A writer has but one goal. Connect to the audience.
There’s great power in being able to capture the imagination of readers, introduce them to a wonderful place, filled with interesting people, and then murder the one they liked best, right in front of their very eyes, in the most gruesome way possible.
Clearly, with such great power comes great responsibility.
Take this little column for example.
You all signed up, hoping to have a laugh once in awhile, or maybe at least a smile, but, what happens when I betray that trust and tell you a very sad story about a small child who dreamed of leaving a life of poverty and managed to get a scholarship to a private school, and the school, while it’s in the same city, was more than a three hour walk for the boy, each way, and without enough food, he could barely get there in time for class, and one day, starving, he passes out along the side of the road, and freezes to death?
See what I mean? I broke our little agreement, to give you something light and funny to start your week, and instead I gave you a horribly depressing paragraph. You might even say I manipulated you and preyed upon your compassion for starving children just to make a point.

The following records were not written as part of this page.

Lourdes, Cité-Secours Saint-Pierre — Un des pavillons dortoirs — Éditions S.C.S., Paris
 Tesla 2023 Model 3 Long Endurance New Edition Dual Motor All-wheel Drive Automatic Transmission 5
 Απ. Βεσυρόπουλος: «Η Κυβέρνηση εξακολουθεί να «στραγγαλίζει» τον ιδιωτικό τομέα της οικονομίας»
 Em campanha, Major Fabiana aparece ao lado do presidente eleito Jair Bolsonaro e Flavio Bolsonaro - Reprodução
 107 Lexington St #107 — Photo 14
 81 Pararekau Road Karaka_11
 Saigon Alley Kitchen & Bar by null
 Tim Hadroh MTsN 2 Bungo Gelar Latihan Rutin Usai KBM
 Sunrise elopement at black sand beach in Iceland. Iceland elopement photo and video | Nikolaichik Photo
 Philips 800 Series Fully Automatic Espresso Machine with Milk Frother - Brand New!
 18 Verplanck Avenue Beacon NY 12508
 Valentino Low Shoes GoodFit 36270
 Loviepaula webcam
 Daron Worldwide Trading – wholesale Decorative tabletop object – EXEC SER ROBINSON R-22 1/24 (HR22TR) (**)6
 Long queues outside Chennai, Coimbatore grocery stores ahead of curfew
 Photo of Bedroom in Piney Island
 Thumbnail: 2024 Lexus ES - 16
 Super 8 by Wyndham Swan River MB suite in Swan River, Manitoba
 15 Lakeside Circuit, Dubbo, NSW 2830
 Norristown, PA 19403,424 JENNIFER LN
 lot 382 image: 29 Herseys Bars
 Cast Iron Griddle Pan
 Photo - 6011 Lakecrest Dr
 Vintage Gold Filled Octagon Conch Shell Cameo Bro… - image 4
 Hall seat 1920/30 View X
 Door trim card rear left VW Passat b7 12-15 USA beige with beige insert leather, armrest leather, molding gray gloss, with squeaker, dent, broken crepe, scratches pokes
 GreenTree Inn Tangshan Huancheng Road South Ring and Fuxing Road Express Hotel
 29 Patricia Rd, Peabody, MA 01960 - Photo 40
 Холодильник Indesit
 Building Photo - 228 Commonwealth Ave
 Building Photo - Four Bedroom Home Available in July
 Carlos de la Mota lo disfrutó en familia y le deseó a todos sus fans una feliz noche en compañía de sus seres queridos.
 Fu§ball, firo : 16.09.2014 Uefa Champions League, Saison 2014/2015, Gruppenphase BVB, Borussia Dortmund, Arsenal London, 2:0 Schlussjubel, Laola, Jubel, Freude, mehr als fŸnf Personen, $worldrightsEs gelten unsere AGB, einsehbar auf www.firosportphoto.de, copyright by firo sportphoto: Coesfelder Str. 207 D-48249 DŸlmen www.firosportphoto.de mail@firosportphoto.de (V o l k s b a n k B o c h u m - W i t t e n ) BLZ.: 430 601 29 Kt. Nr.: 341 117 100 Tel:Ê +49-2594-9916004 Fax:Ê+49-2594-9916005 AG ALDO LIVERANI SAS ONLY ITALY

And, you don’t even know what the point is yet.
The first part is to highlight the callousness of writers who take joy in the suffering of their fans. People joke that writers enjoy doing this, but, they try to believe it isn’t really true that authors could be so gleeful in the pain of others.
Unfortunately, there is much uncomfortable truth in those quips. The times when I’ve written something that brought a reader to tears are some of the proudest moments of my life. There is a very small part of me that is properly ashamed that I am pleased to make people cry.
Writers have learned that tears of pain are the sweetest nectar to be found in the known universe; a feast of fulfilling achievement that perfectly nourishes our black souls.
There are occasions when I’m sad that I chose to write a humor column, because it limits the opportunities for turning you all into emotional wrecks and harvesting your precious eye nectar.
That was disgusting. I promise to never again refer to your tears in such a fashion. Unless it’s really, really, really funny. Or I forget.
On the bright side, sharing laughter is also nourishing to the writer’s soul. It’s a different kind of feast, usually with much less guilt.
And that brings us to the second point.
Most days, I’m much happier to bring you a sprinkling of light to fight against the darkness. I might not always be able to inspire an authentic “out-loud laugh,” but maybe there will be be enough silliness to ward off the gloom and nourish the flame of hope and joy in the world.